Derrière cette maîtrise de la contraception, se cache aussi une véritable idéologie de la natalité basée sur le désir et non plus la contrainte. Désormais les enfants ne naîtront plus que de manière désirée. Ils seront tous des enfants de l'amour et ne seront plus le fruit d'une fatalité divine.


John Lennon et sa femme Yoko Ono (1969)


La liberté sexuelle est, pour les hippies, un véritable moyen de communication. Dans la logique de cette nouvelle philosophie, l'union charnelle est un acte de bonheur intense, il est donc normal de partager celui-ci avec ses plus proches amis.


Mais la liberté sexuelle doit se dérouler de manière naturelle. Le sexe n'est jamais prémédité ou imposé. «Pouvoir s'aimer à plusieurs, quand on a envie les uns des autres, ce n'est pas seulement excitant et doux en même temps. Ça donne aussi l'impression de former tous ensemble un seul grand sexe planétaire et de faire jouir l'infini [...] Mais se donner rendez-vous exprès pour ça, comme des notables de chef-lieu de canton qui s'offrent une partie carrée, c'est vraiment minable» écrivait Babette au fanzine agenais Le Pruneau cru en 1973.

La liberté sexuelle va également à l'encontre d'une des valeurs primordiales de la société traditionnelle : la fidélité. Pour les hippies, chacun ou chacune doit pouvoir faire ce qu'il ou elle veut.



La drogue



Pour échapper à la triste réalité, les hippies se tournent vers la drogue : haschisch, marijuana mais surtout LSD (acide lysergique diéthylamide). Cette puissante drogue hallucinogène transporte l'esprit beaucoup plus loin que le haschisch. «Fumez du haschisch pour voir le vrai, mangez du LSD pour le vivre» nous dit Harry Monroe dans Le Livre rose du hippy. La drogue de manière générale aide à la spiritualité.

Le LSD n'est ni rare ni cher. Il existe sous différentes formes : pilules, cristaux, buvards ou timbres imbibés. Les hippies en consomment principalement pour voir le monde de manière psychédélique. Même si la drogue est diabolisée à outrance, elle devient rapidement un phénomène de masse et paradoxalement, a tendance à se banaliser.

Les drogues inspirent de nombreux artistes des années 60 comme les Rolling Stones avec leur chanson Sister Morphine ou les Beatles avec Lucy in the sky with diamonds dont les initiales forme le mot LSD.

Ce fameux LSD crée en 1943 par le chimiste Albert Hofmann est néanmoins défendu par certain médecins qui le considèrent même comme un véritable remède. Il ne sera interdit au Etats-Unis qu'en 1967.

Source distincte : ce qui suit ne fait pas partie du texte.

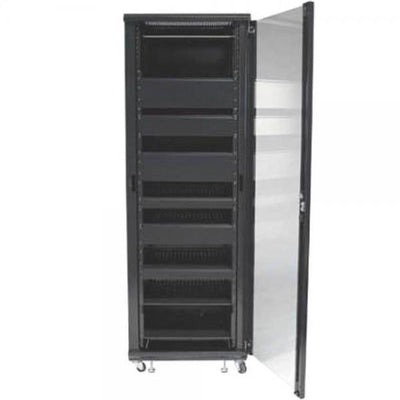 Armadio Rack 19'' 600x600 36U per Audio Video Nero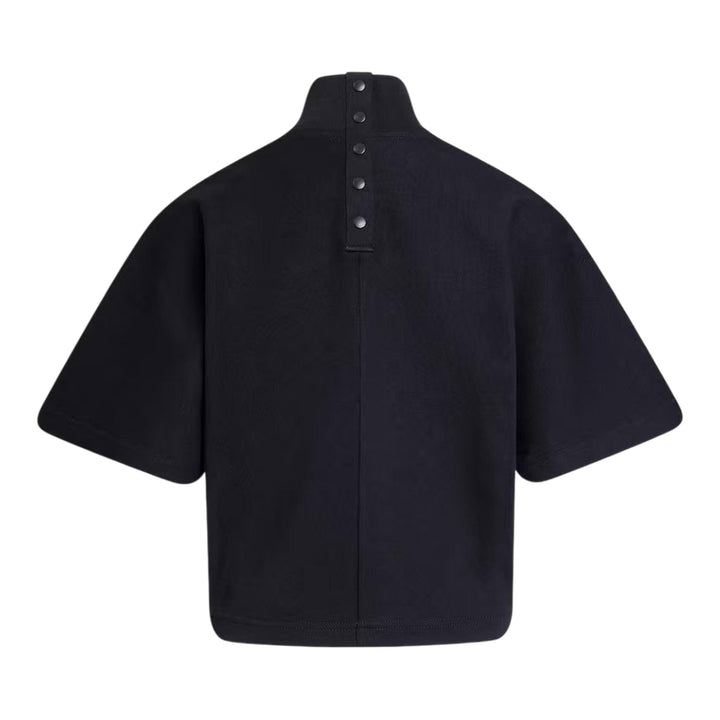 Club21 - ALAIA - High Neck Top - TEES - Black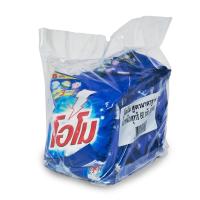 [ส่งฟรี!!!] โอโม ผงซักฟอก สูตรมาตรฐาน 60 กรัม x 12 ถุงOmo Regular Powder Detergent 60 g x 12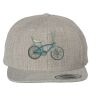 Flat Bill Snapback Cap Thumbnail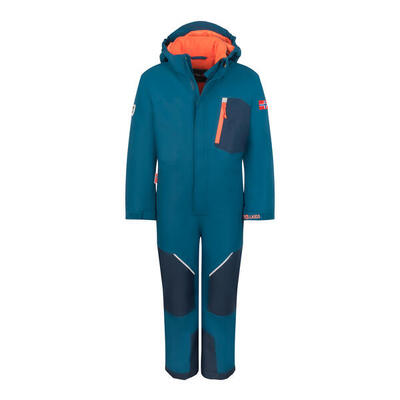 Kinder Schneeoverall Isfjord XT Helle Beere/Madeirablau/Lagunenblau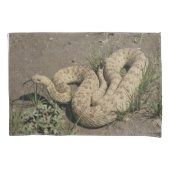 R6 Prairie Rattlesnake Kussensloop (Voorkant)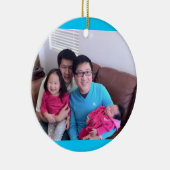 Patrick en Dominic Keramisch Ornament (Rechts)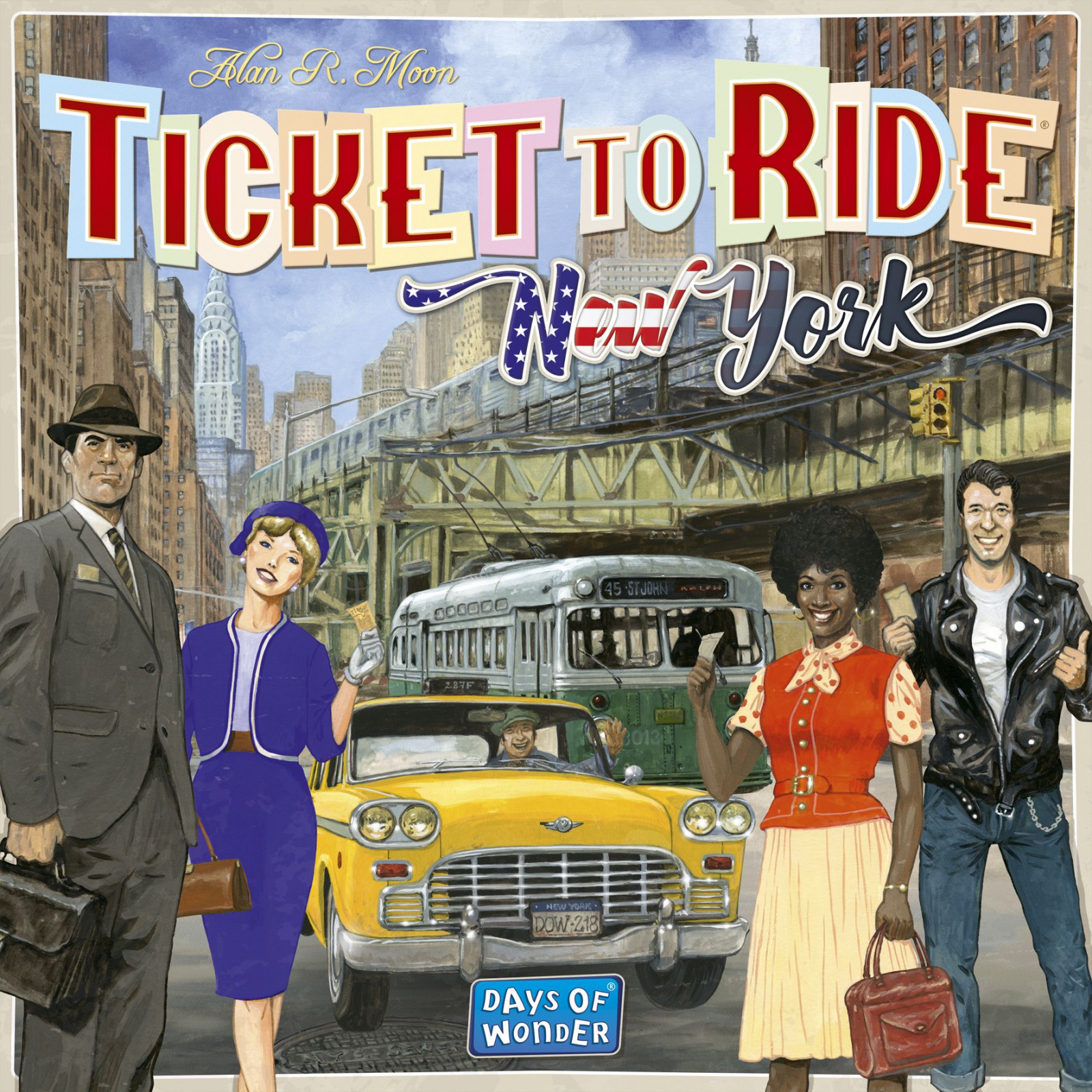 Ticket to Ride: New York image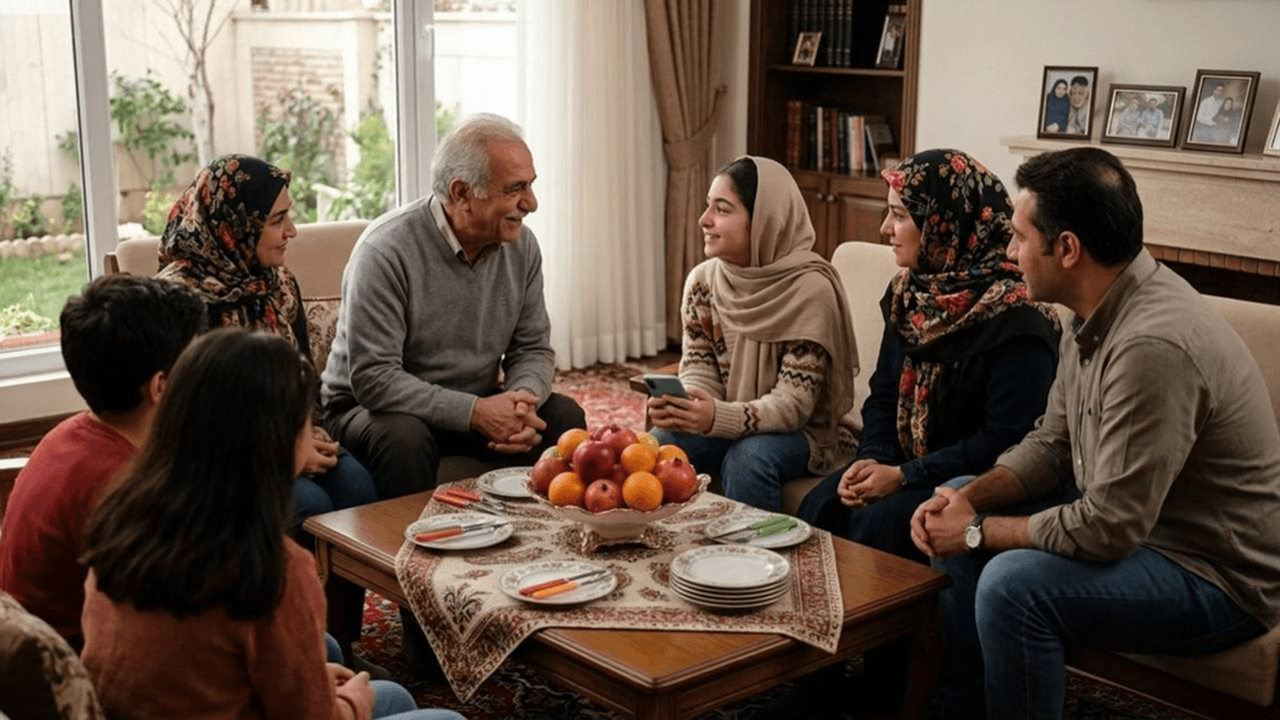 حبس در دهکده پیام‌های فامیلی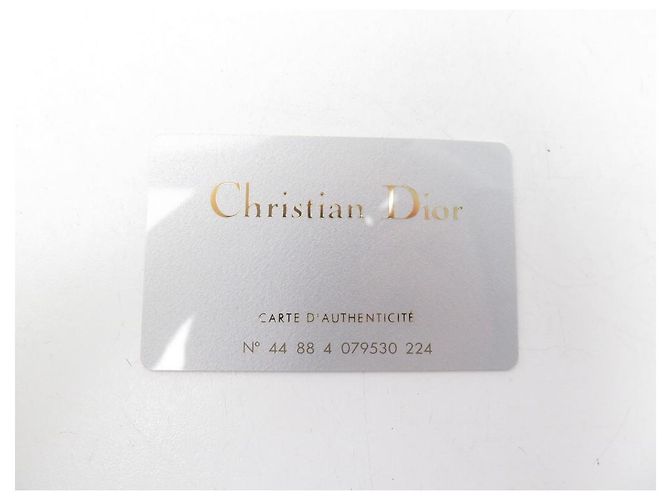 NOVA BOLSA DE MÃO CHRISTIAN DIOR EM DENIM E COURO NOVA BOLSA DE MÃO - vista 9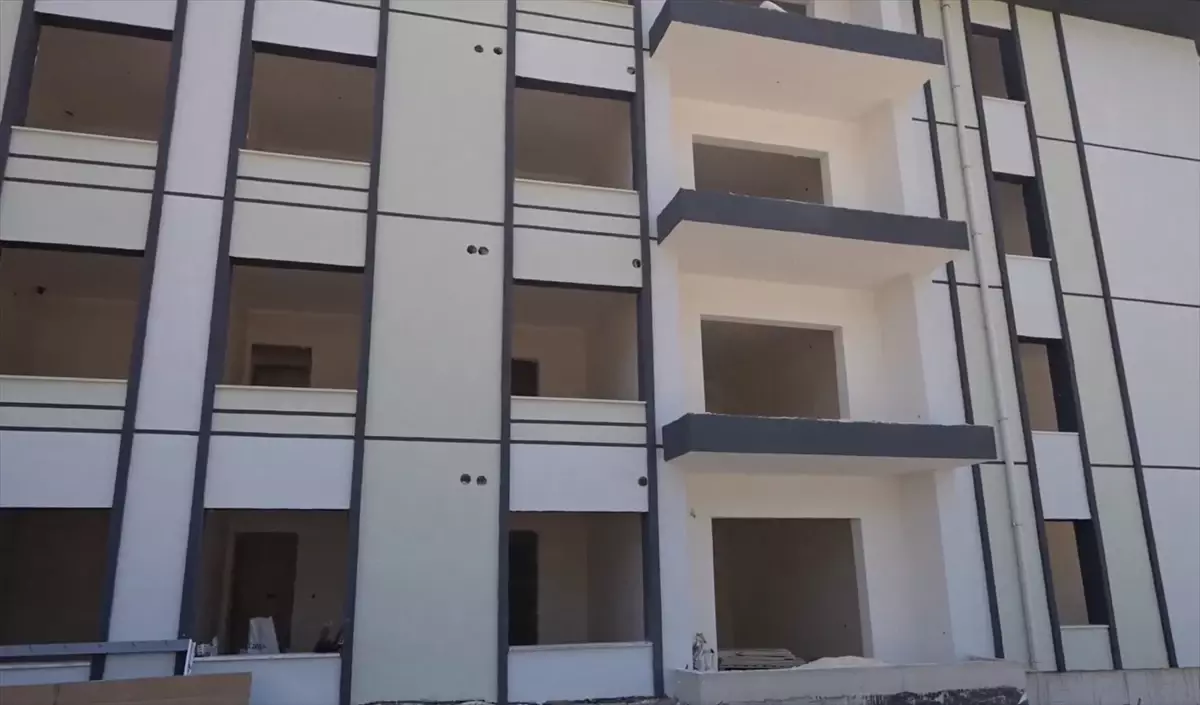 Hassa'da 622 Afet Konutu İnşaatı Devam Ediyor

I am the walrus, chanson des Beatles reprise dans le film Across the Universe (2006) par Bono. Ce clip psychédélique nous montre comment le cerveau percevait les choses sous acide.



L'utopie communautaire


Pour fuir d'une manière plus significative et plus réaliste la société, les hippies ont l'idée de se réunir pour former des communautés. Les hippies sont convaincus que la structure familiale et patriarcale traditionnelle est à l'origine de tous les maux. 


S'inspirant des projets communautaires des utopistes du XIXème siècle comme Le Phalanstère de Fourbier, ils fondent «des lieux de vie» collectifs. Ils organisent une mise en commun de l'amour et des biens, une répartition égalitaire du travail, une prise en charge collective des enfants etc...

En France, c'est en 1971, 1972 et 1973 que les communautés hippies vont connaître le plus grand succès. Certaines accueillent jusqu'à 50 000 membres l'été pour une population permanente de 5 000 à 10 000 hippies. Ces communautés, même si elles vivent généralement en pleine campagne, font l'objet d'une surveillance constante et les policiers y effectuent régulièrement des visites. Tous les prétextes sont bons : plaintes pour bruit excessif de la part des voisins, attentats aux bonnes mœurs, vérification d'identité ou de véhicule, fumées suspectes...

Ces communautés sont évidemment très mal acceptées par le reste de la société.



Les hippies en communauté
 


Les hippies s'opposent aux normes et aux valeurs de la société de leurs parents et par là-même, créent une véritable contre-culture. Si à l'époque, leurs idées ont pu paraître provocantes et choquer bon nombre de gens, certaines valeurs hippies ont réussi plus ou moins à s'ancrer dans les mœurs et sont encore bien présentes aujourd'hui.